Good luck! I just had my Orks teeth kicked in by a venom-spam army. He blew up two battlewagons and stunned a third with the luckiest dark lance shots I've ever seen. After that, it was just poison dakka into my boyz, and it was ugly. The worst loss I've suffered in tournament play possibly ever...


----------



## Jdojo18 (May 8, 2012)

Thanks, that was pretty helpful. I always run with hellhounds in my list and I have them outflanking with Creed alongside a platoon of autos and chimeras. I have an executioner, but I'll keep that in reserve so I can take out a few dark lances with my autos and hydras before I bring it on in turn two. I'm using tons of reserved units as well, so this should turn out pretty fun.


----------



## ARMYguy (Feb 8, 2012)

hey if you figure out a way to beat DE let me know, i still cant do it and iv played my friend's DE at least 30 times with IG.


----------



## Jdojo18 (May 8, 2012)

I'm outflanking and keeping things in reserves for most of the game. I'm also keeping a lot of my troops in chimeras to keep them from being killed right away. I'll use them as a wall for my tanks too. I'll post later tonight or tomorrow morning to let you know what happened.


----------



## HOBO (Dec 7, 2007)

I thought this Thread was about DE Heavies and nothing to do with IG beating them:grin:

There's a Thread further down the first page on this subject, and you'll get plenty of advice on how to beat DE. Personally I find DE fairly easy to beat and it's almost one of the cases where a particular list build alone will be a huge advantage in winning a game against them - a mech'ed IG list is just about the perfect foil against them...field as many Chimeras as possible, and as many S6+ weaponry as you can (even HB's will do it) and that alone will just about be enough, although the killing blow will be if you also have any Hydras. You then have both anti - Infantry and anti - AV sorted, with the biggest hurdle left been the Dice Gods.


----------



## Jdojo18 (May 8, 2012)

We ended up with a draw. I had more kill points in the primary mission (12/8) and he had more objectives with the secondary mission, so we called it a draw. And it seems to me that outflanking and baiting the DE into going for other units worked for me. For instance, I put my hydras all the way to the left of the table and sure enough, he fielded all of his ravagers on that side to take them out. Then I brought in my 1 reserved leman and and he focused nearly everything he could against that. My two outflanking squads of scout sentinels with multilasers ended up working great. 

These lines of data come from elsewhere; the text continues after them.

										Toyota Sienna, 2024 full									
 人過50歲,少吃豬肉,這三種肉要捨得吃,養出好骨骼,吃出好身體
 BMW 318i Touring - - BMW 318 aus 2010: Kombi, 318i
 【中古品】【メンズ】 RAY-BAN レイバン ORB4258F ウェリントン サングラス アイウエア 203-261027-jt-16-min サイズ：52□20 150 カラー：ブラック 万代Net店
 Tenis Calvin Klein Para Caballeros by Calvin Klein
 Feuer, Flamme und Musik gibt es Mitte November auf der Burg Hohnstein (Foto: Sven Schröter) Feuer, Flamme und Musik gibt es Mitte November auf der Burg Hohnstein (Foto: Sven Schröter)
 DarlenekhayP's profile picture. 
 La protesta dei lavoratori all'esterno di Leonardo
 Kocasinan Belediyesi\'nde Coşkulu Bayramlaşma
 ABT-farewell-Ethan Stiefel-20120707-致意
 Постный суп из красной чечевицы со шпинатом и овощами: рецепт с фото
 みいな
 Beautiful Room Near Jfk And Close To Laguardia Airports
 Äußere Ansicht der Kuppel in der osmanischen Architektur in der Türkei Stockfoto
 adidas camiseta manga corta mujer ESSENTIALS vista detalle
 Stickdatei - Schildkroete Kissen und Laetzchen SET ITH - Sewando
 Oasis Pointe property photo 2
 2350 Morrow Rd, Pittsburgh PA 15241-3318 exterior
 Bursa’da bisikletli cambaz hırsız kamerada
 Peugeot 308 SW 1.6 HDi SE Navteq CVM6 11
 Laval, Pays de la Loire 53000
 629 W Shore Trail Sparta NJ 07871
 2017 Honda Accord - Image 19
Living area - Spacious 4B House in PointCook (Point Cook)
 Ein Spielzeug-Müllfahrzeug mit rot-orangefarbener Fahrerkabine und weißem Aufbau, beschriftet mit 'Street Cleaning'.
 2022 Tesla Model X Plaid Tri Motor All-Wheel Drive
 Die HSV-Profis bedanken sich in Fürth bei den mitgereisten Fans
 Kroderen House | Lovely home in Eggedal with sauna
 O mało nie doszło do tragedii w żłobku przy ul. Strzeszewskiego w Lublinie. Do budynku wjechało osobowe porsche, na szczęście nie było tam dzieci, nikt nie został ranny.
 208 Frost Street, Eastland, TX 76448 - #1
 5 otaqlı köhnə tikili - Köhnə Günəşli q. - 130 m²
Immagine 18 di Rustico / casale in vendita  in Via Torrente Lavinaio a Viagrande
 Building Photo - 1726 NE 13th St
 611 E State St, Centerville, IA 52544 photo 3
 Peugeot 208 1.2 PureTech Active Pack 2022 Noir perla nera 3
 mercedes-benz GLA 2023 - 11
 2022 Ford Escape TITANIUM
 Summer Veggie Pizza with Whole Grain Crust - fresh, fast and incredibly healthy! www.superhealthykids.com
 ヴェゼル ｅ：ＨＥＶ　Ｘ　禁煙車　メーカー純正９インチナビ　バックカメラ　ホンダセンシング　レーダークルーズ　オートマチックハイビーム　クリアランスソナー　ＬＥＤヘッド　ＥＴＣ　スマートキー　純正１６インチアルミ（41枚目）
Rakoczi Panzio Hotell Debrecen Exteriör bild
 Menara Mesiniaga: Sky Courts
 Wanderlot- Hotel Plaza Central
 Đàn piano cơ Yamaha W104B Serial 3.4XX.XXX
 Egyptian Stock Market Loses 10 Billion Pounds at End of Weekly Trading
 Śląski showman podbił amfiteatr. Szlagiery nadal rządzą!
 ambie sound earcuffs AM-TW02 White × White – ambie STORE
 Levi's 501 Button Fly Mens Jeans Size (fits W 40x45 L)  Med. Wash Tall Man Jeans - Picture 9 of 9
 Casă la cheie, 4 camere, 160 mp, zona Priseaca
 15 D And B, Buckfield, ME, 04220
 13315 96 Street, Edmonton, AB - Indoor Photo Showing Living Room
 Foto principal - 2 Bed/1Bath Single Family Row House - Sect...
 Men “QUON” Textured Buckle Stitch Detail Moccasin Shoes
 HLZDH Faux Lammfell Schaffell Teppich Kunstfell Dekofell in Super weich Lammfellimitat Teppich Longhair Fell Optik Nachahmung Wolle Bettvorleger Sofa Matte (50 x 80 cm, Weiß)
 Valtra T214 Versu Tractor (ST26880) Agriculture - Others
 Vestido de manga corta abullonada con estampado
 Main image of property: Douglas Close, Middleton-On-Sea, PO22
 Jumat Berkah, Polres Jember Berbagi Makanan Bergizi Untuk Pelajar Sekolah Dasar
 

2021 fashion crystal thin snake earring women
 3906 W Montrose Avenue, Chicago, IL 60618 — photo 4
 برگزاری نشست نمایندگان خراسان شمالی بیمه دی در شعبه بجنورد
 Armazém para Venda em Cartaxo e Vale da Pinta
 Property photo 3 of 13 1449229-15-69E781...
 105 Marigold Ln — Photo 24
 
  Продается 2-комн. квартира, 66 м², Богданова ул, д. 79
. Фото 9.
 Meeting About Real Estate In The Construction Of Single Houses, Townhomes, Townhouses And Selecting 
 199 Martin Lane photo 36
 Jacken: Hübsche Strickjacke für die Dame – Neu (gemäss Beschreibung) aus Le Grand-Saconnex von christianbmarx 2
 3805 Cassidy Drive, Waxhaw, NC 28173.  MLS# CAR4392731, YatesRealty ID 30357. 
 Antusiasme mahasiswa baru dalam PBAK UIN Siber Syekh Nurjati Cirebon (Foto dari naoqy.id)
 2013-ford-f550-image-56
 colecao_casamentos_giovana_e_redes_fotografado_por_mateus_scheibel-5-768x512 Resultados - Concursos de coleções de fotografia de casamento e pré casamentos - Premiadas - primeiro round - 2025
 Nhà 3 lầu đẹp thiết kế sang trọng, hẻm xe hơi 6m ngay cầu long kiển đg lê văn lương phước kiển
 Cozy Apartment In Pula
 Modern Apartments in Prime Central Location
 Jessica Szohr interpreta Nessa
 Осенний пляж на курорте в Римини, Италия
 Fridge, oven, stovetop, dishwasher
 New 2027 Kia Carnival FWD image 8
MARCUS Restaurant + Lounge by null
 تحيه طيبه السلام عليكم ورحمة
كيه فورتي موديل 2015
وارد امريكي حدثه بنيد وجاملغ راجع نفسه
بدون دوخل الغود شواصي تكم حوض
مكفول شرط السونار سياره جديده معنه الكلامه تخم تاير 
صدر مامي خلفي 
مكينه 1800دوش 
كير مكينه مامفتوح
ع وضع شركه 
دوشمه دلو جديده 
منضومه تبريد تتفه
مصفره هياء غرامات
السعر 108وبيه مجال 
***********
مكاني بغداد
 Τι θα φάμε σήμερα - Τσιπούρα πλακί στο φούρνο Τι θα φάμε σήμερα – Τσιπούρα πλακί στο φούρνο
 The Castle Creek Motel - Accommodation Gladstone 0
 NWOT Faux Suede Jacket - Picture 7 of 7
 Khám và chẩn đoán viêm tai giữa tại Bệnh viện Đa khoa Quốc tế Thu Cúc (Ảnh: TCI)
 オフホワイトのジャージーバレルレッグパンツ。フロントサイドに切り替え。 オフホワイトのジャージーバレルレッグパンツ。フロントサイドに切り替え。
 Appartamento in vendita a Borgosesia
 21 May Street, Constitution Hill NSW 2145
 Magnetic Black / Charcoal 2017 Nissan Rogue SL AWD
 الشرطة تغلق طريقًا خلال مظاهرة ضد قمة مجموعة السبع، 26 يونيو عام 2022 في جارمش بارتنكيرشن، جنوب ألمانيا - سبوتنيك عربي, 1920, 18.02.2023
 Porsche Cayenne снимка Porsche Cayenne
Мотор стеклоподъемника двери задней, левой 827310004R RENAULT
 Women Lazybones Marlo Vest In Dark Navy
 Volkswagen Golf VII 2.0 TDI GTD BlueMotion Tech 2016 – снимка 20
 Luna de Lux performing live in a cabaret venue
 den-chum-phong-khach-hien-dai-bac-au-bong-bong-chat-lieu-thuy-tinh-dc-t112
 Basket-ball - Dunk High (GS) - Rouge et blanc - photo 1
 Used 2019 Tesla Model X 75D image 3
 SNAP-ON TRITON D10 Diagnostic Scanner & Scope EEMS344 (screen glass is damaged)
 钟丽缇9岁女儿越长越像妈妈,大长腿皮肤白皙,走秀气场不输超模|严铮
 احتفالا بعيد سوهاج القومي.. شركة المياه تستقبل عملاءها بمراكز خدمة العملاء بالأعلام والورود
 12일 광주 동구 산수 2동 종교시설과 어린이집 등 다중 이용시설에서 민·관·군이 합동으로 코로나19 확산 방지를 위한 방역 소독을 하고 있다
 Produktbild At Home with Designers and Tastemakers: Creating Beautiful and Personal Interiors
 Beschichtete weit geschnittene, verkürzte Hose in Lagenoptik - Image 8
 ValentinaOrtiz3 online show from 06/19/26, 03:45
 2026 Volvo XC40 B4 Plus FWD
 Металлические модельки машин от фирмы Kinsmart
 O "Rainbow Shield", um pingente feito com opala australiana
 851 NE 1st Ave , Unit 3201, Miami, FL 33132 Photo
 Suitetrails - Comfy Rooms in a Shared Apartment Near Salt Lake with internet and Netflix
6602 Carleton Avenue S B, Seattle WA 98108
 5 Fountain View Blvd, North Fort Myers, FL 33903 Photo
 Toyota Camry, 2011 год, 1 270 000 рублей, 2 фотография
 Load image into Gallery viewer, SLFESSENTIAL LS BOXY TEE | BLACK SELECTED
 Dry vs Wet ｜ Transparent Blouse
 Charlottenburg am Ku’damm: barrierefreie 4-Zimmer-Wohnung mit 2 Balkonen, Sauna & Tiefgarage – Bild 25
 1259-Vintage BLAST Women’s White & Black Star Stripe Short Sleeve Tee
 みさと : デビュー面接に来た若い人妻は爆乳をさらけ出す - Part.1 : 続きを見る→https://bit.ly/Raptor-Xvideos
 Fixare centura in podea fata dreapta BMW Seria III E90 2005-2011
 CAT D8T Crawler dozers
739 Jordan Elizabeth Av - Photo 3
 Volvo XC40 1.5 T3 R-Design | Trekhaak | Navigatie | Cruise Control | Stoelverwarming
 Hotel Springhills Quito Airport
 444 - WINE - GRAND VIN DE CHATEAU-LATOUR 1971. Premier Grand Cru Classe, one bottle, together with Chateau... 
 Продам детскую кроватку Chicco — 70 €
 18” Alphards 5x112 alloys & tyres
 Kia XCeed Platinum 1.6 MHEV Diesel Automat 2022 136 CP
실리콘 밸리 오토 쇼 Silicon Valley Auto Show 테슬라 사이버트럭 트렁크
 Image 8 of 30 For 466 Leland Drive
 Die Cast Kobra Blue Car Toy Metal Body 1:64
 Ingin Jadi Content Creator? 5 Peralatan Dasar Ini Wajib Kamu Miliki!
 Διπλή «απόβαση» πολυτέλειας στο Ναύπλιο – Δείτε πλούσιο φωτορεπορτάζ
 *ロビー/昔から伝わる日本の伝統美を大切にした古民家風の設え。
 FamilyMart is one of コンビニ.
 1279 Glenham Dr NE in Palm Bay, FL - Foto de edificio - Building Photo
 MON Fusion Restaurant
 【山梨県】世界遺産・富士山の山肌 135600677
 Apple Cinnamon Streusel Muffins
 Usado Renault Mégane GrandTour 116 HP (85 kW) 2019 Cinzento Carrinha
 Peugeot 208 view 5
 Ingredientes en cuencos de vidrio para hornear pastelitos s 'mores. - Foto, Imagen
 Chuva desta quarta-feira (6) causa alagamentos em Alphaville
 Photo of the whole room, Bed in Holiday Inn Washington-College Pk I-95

HOBO: I would agree with you on going full mech with AV12 vehicles. Once he took out all my troops with splinter cannons, he couldn't touch the rest of my vehicles since he nearly ran out of dark lances. 

It was a fun game


----------



## HOBO (Dec 7, 2007)

Jdojo18 said:


> HOBO: I would agree with you on going full mech with AV12 vehicles. Once he took out all my troops with splinter cannons, he couldn't touch the rest of my vehicles since he nearly ran out of dark lances.
> 
> It was a fun game


It's certainly worked for me in the few dozen games I've played against DE...bad luck aside of course, but that's beyond all our control:biggrin:


----------



## Jdojo18 (May 8, 2012)

We've all had our kucky and bad luck games. The last turn, we both shot at each other and both of us missed everything. Not a single shot hit haha we decided to call the game at that point.


----------



## ARMYguy (Feb 8, 2012)

Jdojo18 said:


> We ended up with a draw. I had more kill points in the primary mission (12/8) and he had more objectives with the secondary mission, so we called it a draw. And it seems to me that outflanking and baiting the DE into going for other units worked for me. For instance, I put my hydras all the way to the left of the table and sure enough, he fielded all of his ravagers on that side to take them out. Then I brought in my 1 reserved leman and and he focused nearly everything he could against that. My two outflanking squads of scout sentinels with multilasers ended up working great.
> 
> HOBO: I would agree with you on going full mech with AV12 vehicles. Once he took out all my troops with splinter cannons, he couldn't touch the rest of my vehicles since he nearly ran out of dark lances.
> 
> It was a fun game


The DE player i play has a ton of blaster infantry on top of 12 or so lances. You cant kill all those lances or blasters, and he still can kill a platoon blob each turn with the other shooty he has. Sounds like the DE you played does not have a good list, or as good anyways. Lucky you, can we trade DE armies to play? lol

The DE heavies i actually wish i could fight more of, its the infantry mass of wyches and blasters that is painful.


----------



## Jdojo18 (May 8, 2012)

He had 19 lances and about 15 splinter cannons. I'm telling you, outflanking and baiting works great. I did the same against a nid player with basilisks. His list was pretty solid, and he is a pretty good player. Just everything I had came in on the side and forced him to turn around and move over 48 inches to get to me.


----------



## ARMYguy (Feb 8, 2012)

Ill have to try it, as i don't usually use reserves for anything other than the vendettas.


----------



## Jdojo18 (May 8, 2012)

I outflanked 2 squads of sentinels with just multilasers, 1 hellhound squad of 2, and a platoon of alrahem and 2 troops in chimeras. I used creed to outflank the hounds. Take an astropath, obviously.


----------



## Jdojo18 (May 8, 2012)

Just pray that your reserves don't come in on turn 2 otherwise all of your outflanking units will probably come in right next to his raiders that are holding the wyches. I was lucky and had all of my reserves come in on turn 3 and I was able to choose where they all came in at on the table.


----------